One of the Tour’s best putters explains why steady stroke is such an advantage
Anyone who plays golf knows what a difference it can make to your score when you putt well, though it can be difficult to describe what exactly that means since it tends to vary from player to player.
But at this week’s Memorial Tournament, contender Denny McCarthy managed to explain exactly what being a good putter brings to his game — and it’s something all golfers should aspire to.
As a preface to McCarthy’s remarks, earlier this week, McCarthy was called out by Rory McIlroy as being one of the Tour’s most consistently good putters. “He’s up there in the stats every single year,” McIlroy said.
McCarthy is currently ranked 5th in Strokes Gained: putting, and after his second round at Murifield Village on Friday, McCarthy was asked about what it’s like to maintain his reputation as one of the best putters.

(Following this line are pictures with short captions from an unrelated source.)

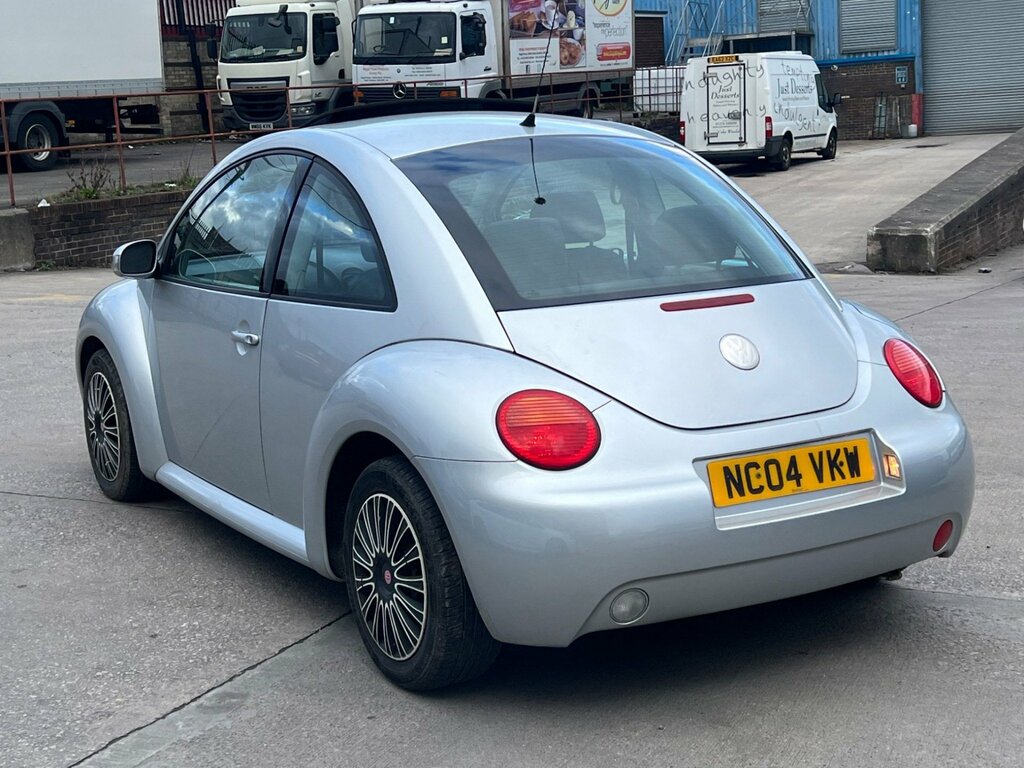 Volkswagen Beetle 1.6 Euro 4 Silver #5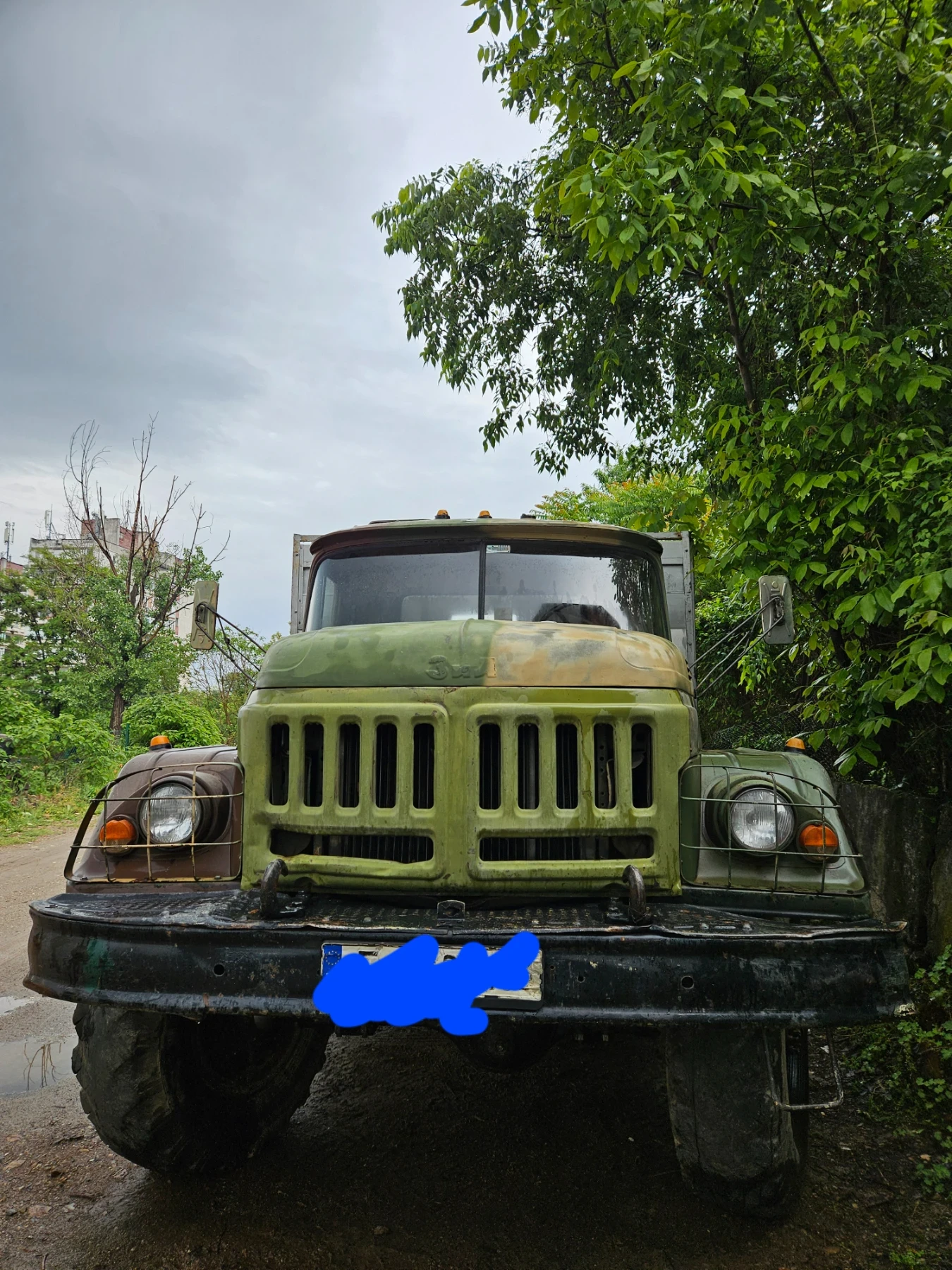 Специализирани машини Машини за дърводобив Зил 131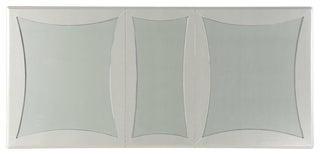 ACME Maverick Dining Table, Platinum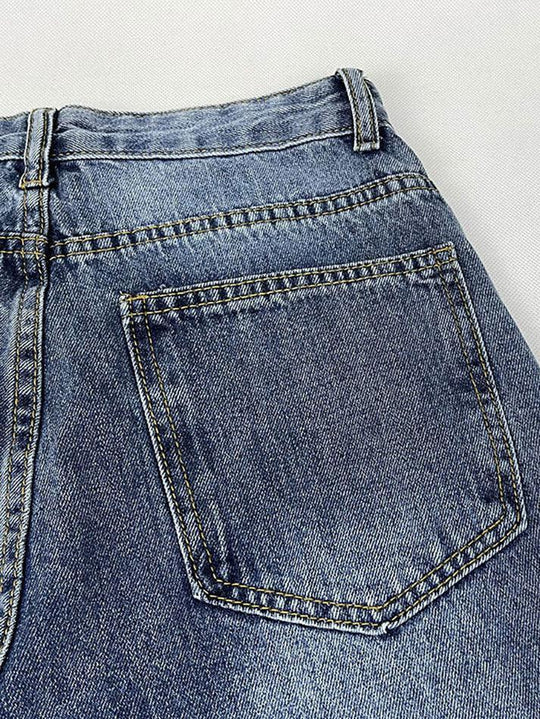 Heidi-Mode | Hell Gewaschene Boyfriend Jeans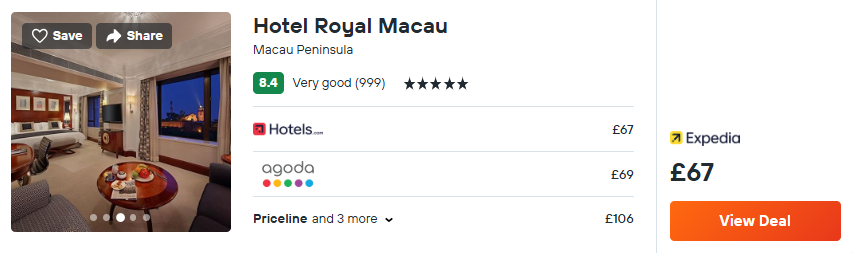 Hotel Royal Macau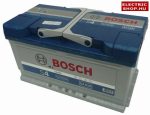 Bosch S4 12V 80Ah Jobb+ akkumulátor 740A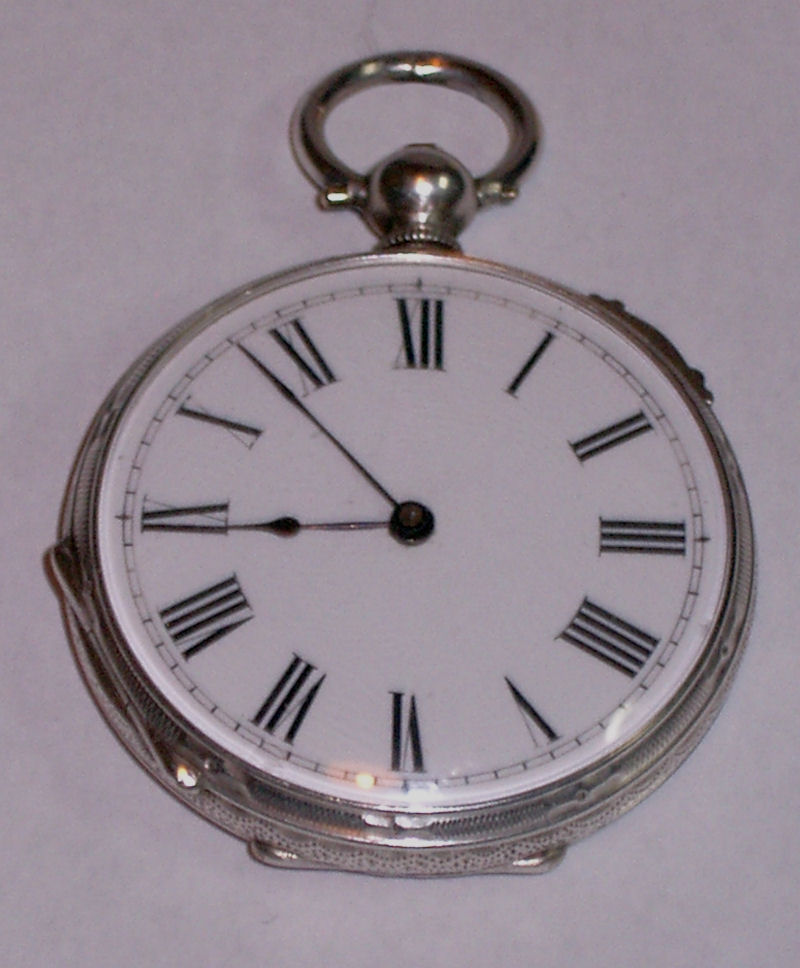 Swiss Chatelaine Watch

“Everyone has the best part of their game. Obviously putting is part of mine,” McCarthy said. “I’m no slouch around the course, like putting is not the only thing I do well. Everyone brings up my putter; yes, I’m a good putter, but I need to do good things to get to those putts.”
McCarthy said that one of the primary benefits of putting well is the pressure it relieves from other parts of his game.

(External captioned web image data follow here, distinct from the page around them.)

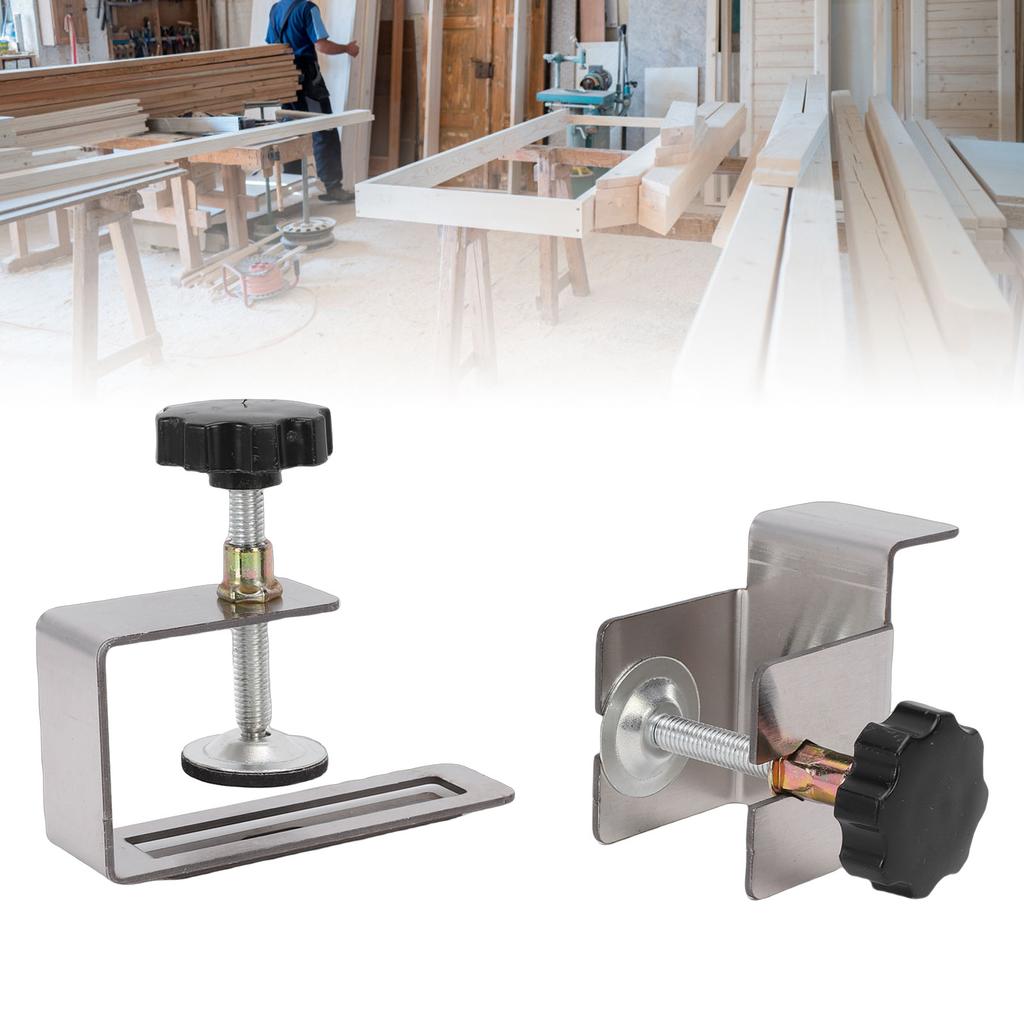 Drawer Front Installation Clamp   Cabinet Drawer Panel Mounting Hardware   Living Room Home Bedroom Woodworking Tool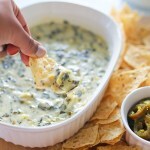 Vegan Spinach Artichoke Dip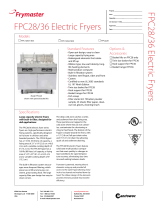 Frymaster FPC228 Datasheet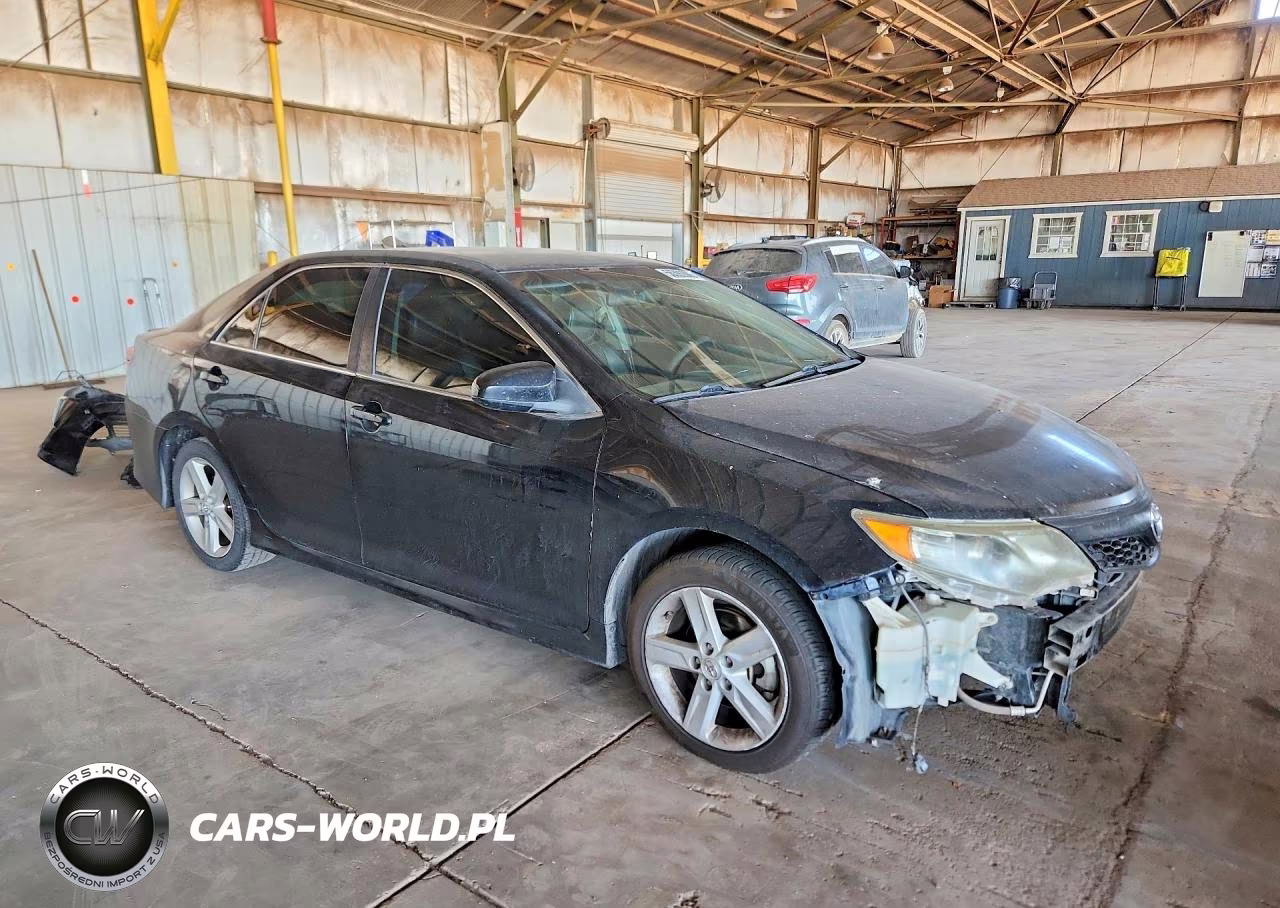 2012 Toyota Camry Se VIN:4T1BF1FK7CU166059 - 4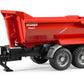 Bruder Krampe Tandem Halfpipe Tipping Trailer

“It frees me up a little in that like I don’t need to feel like I stuff a 7-iron from 180,” he said. “I can feel like I can just hit it a good, conservative shot on the green to 25 feet, and I like my chances from there. I don’t need to be super aggressive.
“When I get wedges in my hands, wedges and short irons, that’s when I need to attack,” he continued. “If I start getting 7-iron out, that’s when I’ll be a little more conservative and trusting that my putting ability is going to help me out.”
Sounds like McCarthy’s strategy is paying off so far — he’s one shot behind Cameron Smith’s lead at the Memorial Tournament’s halfway point.